Several hours of searching and trying my own methods led to nothing, and porting implementations from other languages has simply confused me to a point where my brain is sluggish.
The grid consists of flat topped regular hexagons like in this diagram:
Essentially, given a point and the variables specified in this image as the sizing for every hexagon in the grid (R, W, S, H):
I need to be able to determine whether a point is inside a hexagon given.
An example function call would be pointInHexagon(hexX, hexY, R, W, S, H, pointX, pointY) where hexX and hexY are the coordinates for the top left corner of the bounding box of a hexagonal tile (like the top left corner in the image above).
Is there anyone who has any idea how to do this? Speed isn't much of a concern for the moment.

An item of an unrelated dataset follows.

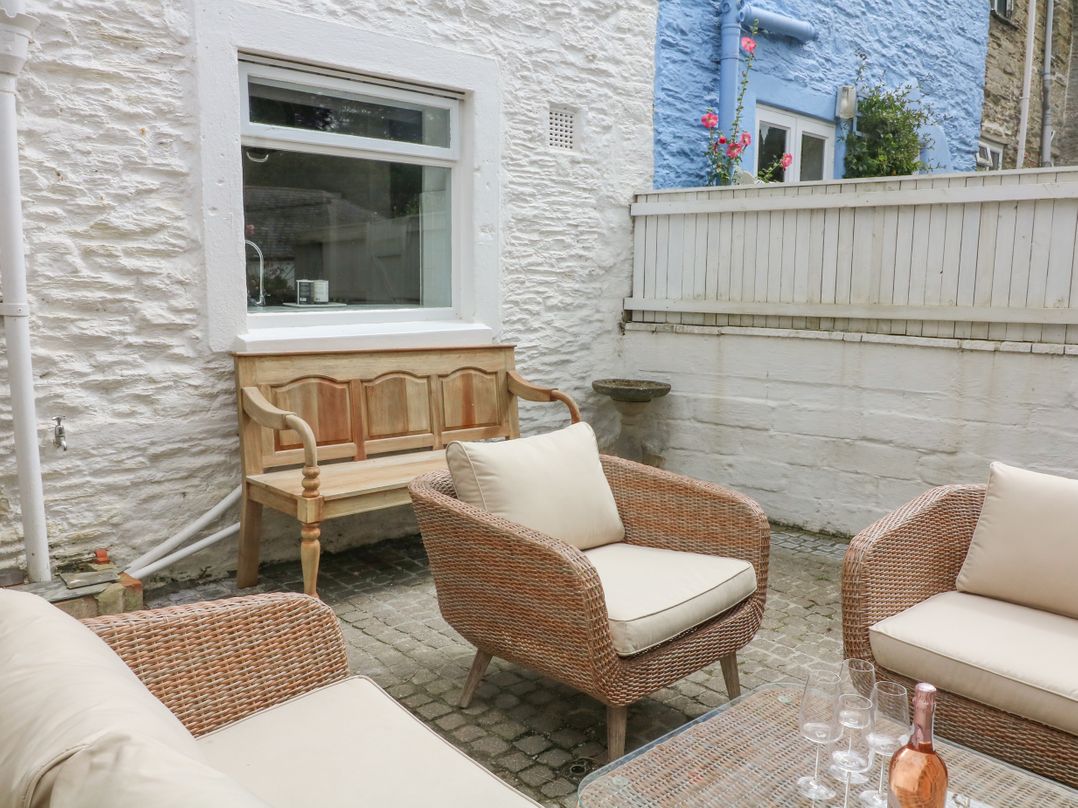 Le Grand Bleu, 1 Court Cottages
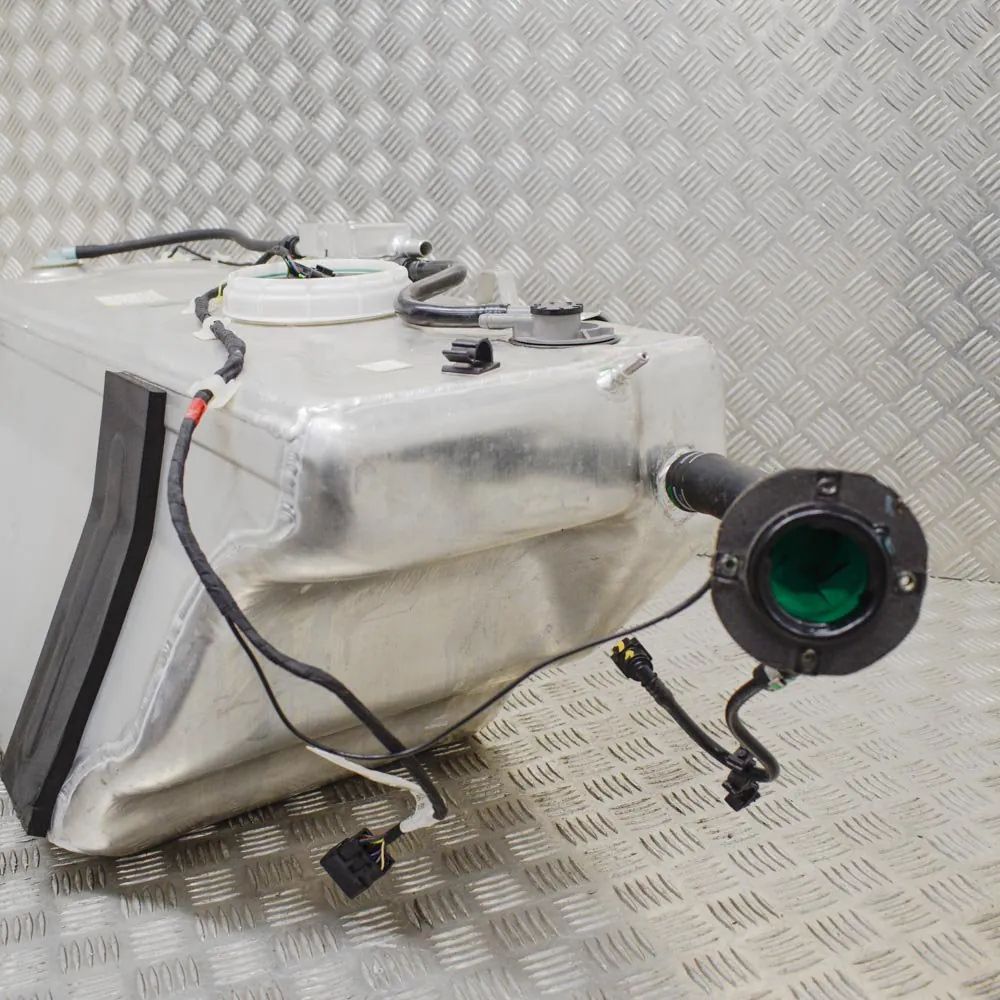 Maserati GranTurismo / GranCabrio kütusepaak Fuel Tank — MASERATI GRAN TURISMO I (M145) (200...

Simple & fast diagonal rectangle slice.
Looking at the other answers I see that they have all a little over complicated the problem. The following is an order of magnitude quicker than the accepted answer and does not require any complicated data structures, iterators, or generate dead memory and unneeded GC hits. It returns the hex cell row and column for any related set of R, H, S or W. The example uses R = 50.
Part of the problem is finding which side of a rectangle a point is if the rectangle is split diagonally. This is a very simple calculation and is done by normalising the position of the point to test.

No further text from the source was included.